▶ **About this exercise**: With the pictures left out, please return exactly the line holding "STYLE Re-NEW" and each following line until the entries end.

• • • • • • •

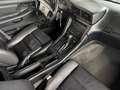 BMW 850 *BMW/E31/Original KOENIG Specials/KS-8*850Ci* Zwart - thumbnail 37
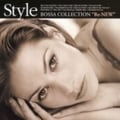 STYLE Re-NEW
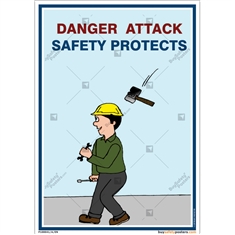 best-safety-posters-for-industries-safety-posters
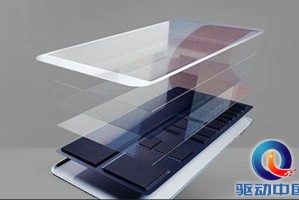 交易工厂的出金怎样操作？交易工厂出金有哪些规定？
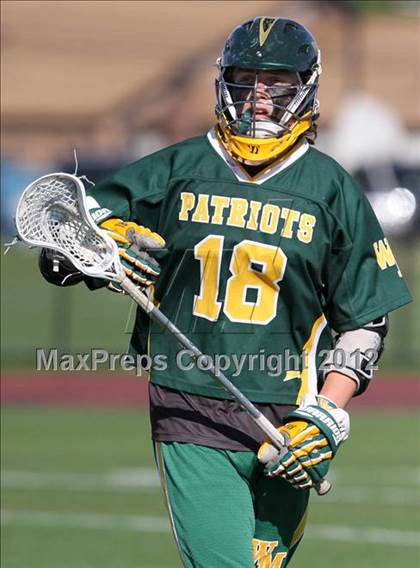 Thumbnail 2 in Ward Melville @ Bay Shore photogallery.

• • • • • • •

▶ **Task result**:
 STYLE Re-NEW
 best-safety-posters-for-industries-safety-posters
 交易工厂的出金怎样操作？交易工厂出金有哪些规定？
 Thumbnail 2 in Ward Melville @ Bay Shore photogallery.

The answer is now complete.